Cuomo's 'death penalty' remarks on failing schools draws reaction
The school year starts for school children in New York this week and next week. It comes amid concerns over low test scores for many of the state’s students, and harsh rhetoric from Governor Cuomo, saying he wants a “death penalty” option for dealing with failing schools.
Most of the state’s school children did not measure up in new tests administered last year. Only 31% passed the new math and English exams, according to the State Education Department. Numbers were higher in suburban schools and lower in urban and rural areas.
While education officials say scores will improve as they fully implement the new Common Core standards and teaching plans, many parents are jittery about whether their children will be adequately prepared for college and careers.
Governor Cuomo, perhaps sensing that, offered harsh words for schools that see only a small percentage of their students passing the new required tests.
Cuomo says now that test results are beginning to measure which schools are the weakest, something “dramatic” has to happen in order to turn the failing schools around.
“Whether it is a take over by the state, or mayoral control or take over by a charter school, there’s going to have to be a death penalty for failing schools, so to speak,” Cuomo said. “Where we say ‘the children come first, before the bureaucracy and if the school fails, the school has to end.’”
The governor says, though, that the state should not dictate policy, and that local communities should have a say in the future of the schools.
“I don’t want Albany to sit there and tell communities how to run their schools,” said Cuomo. “But I do feel comfortable sitting in Albany and saying failing schools is not an option, and we’re not going to allow another generation of children be failed by a failing bureaucracy.”

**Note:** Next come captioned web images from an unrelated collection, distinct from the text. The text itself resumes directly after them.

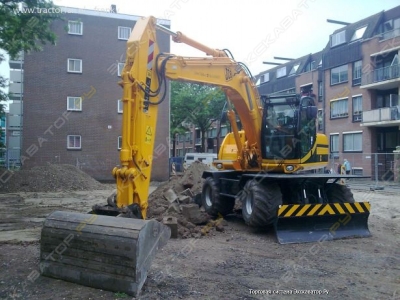JCB JS 175W 07-26 19:15:54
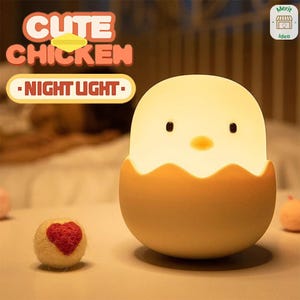 Może przedstawiać: Urocza lampka nocna w kształcie kurczaka. Żółta lampa ma twarz kurczaka z czarnymi oczami i pomarańczowym dziobem. Tekst "CUTE CHICKEN - NIGHT LIGHT" jest wyświetlany nad lampą.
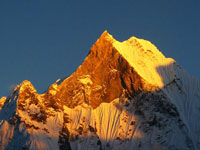 Una cima dell'Annapurna al tramonto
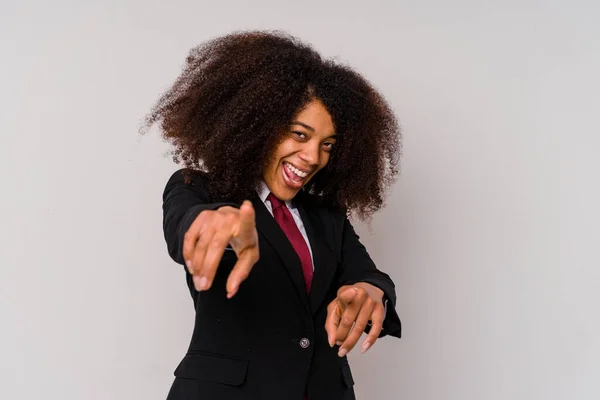 Jonge Afro Amerikaanse Zakenvrouw Draagt Een Pak Geïsoleerd Witte Achtergrond — Stockfoto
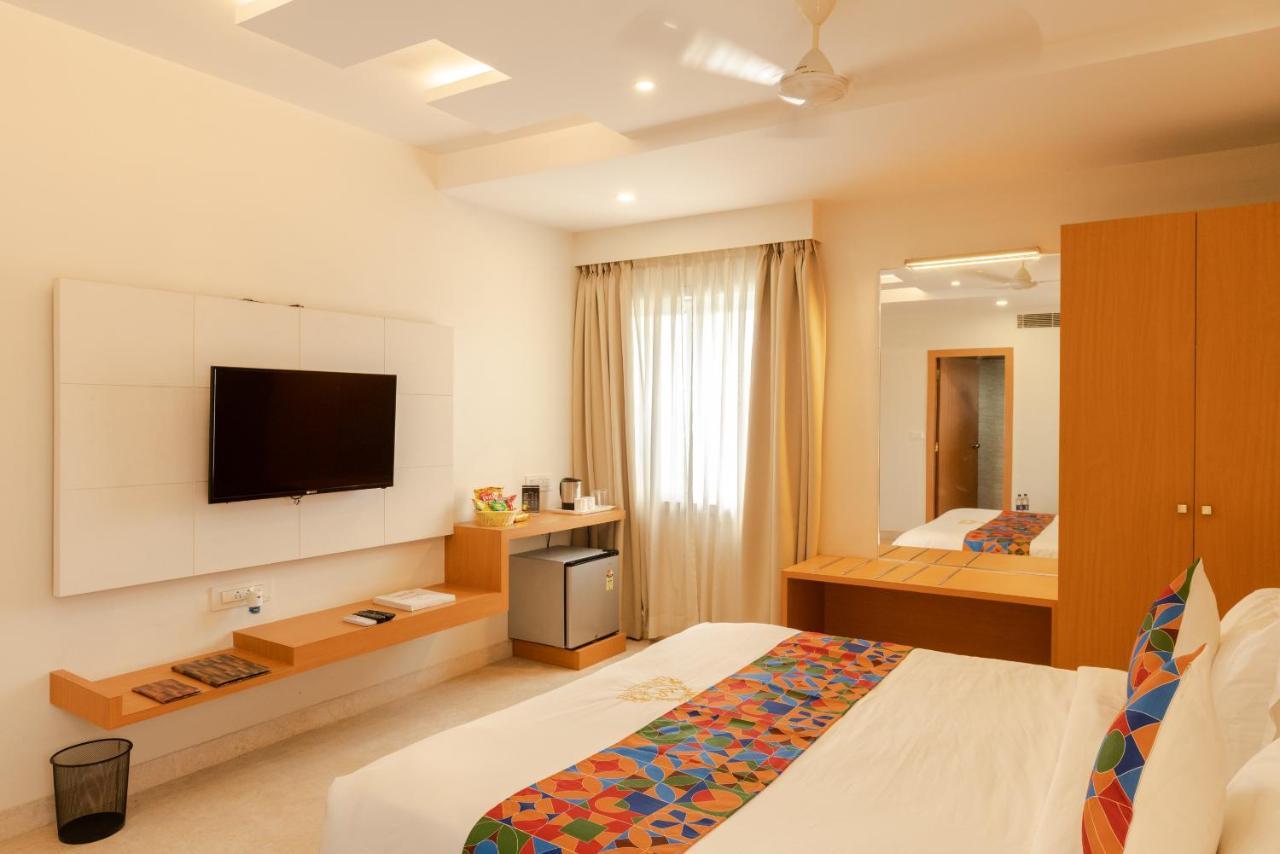 Kvr Capitol Suites 비자야와다 외부 사진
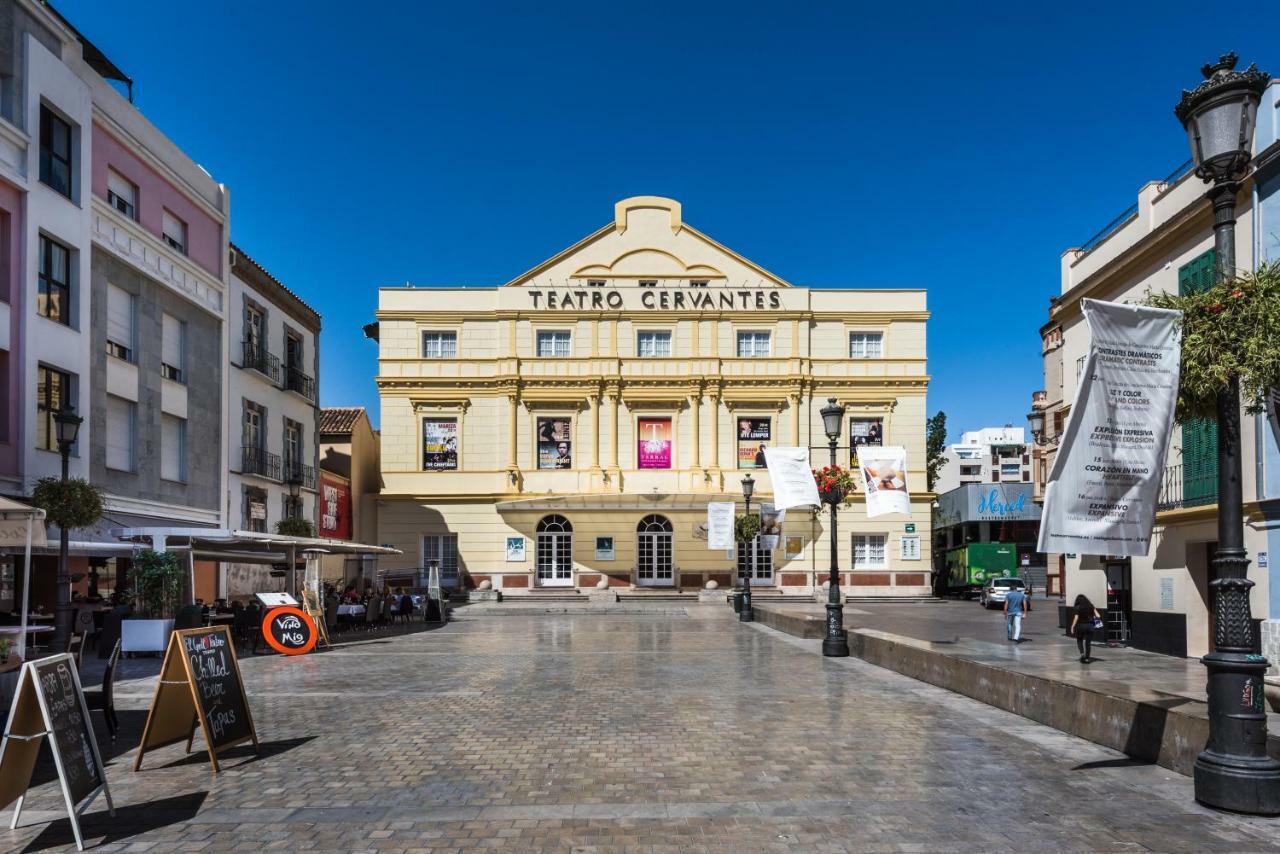 Malaga Centre Apartment With Parking Eksteriør billede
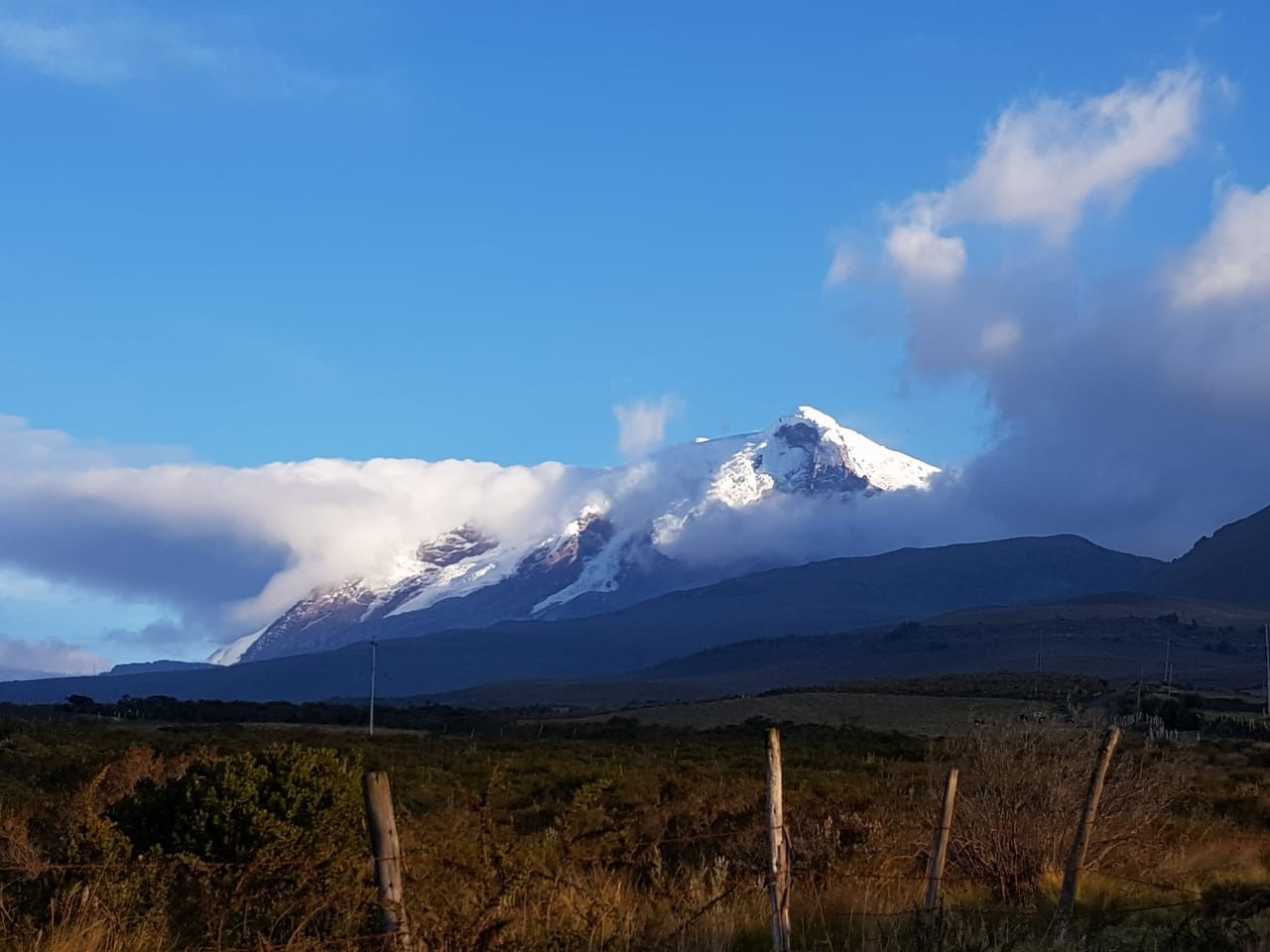 Medición de parámetros físico-químicos de aguas termales en el Volcán Cayambe y localidades de Tangalí Y Peguche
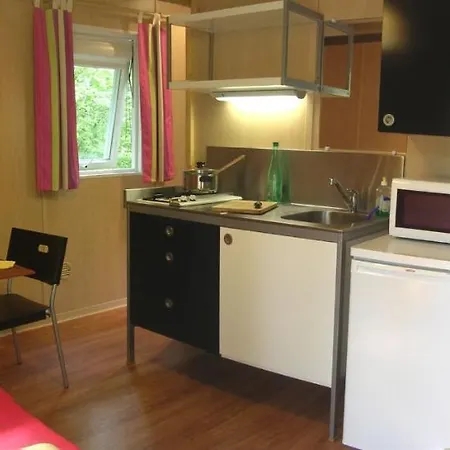 La Clairière - écolieu de vacances Lamothe-Fenelon Extérieur photo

Overall, Cuomo says, he thinks it’s a sign of “progress” that the poorest performing students and schools have now been identified.
The governor made his remarks at the start of the long Labor Day weekend. And he offered no bills or policy proposals to go with his remarks.
It was several days before those in the education community began reacting.
The teacher’s unions expressed dismay at what they said were the governor’s “inflammatory” choice of words, and said it “demonstrated disrespect” to educators, students and their parents, especially to “vulnerable” children from disadvantaged backgrounds. New York State United Teachers and the American Federation of Teachers said in a statement that the schools should be “fixed,” not closed.
Billy Easton is with the school funding advocacy group Alliance for Quality Education, which also works with the teacher’s unions. He says he also finds the governor’s phrasing troubling.
“It’s a bad image, and it’s just the wrong approach,” said Easton. “It was very disturbing.”
Easton says his group agrees with the governor that failing schools are unacceptable, but he says the alternatives that the governor suggested, state takeover, mayoral takeover or conversion to a charter school, are strategies that have not worked well in the past. Instead, he says, schools should implement programs that have been successful and that the governor himself has endorsed in the past.
“Make sure kids have full day pre-K, a longer school day and school year, a high quality curriculum,” said Easton.
Alliance for Quality Education supports implementation of a 2006 court ruling that said the state needs to spend billions of dollars more per year on school aid, in order to provide every child with the “sound, basic” education required in the state’s constitution. Easton says his group does not oppose having strings attached to that money, like meeting performance standards.
“We would be all for the state saying, ‘we’re not just going to give the money, we’re going to make sure it’s spent well,” he said.
Cuomo, though, has consistently said that more money is not the answer, and he’s concerned about “the taxpayers of this state.”
“One of the reasons that our taxes are so high, we spend more money on education than any other state,” said Cuomo. “The schools, theoretically, should be some of the best in the country.”
Cuomo expects the issue of how to deal with failing schools to be a major concern issue in next legislative session. He says he may ask lawmakers for a new law to give the state more power to close the schools or make changes.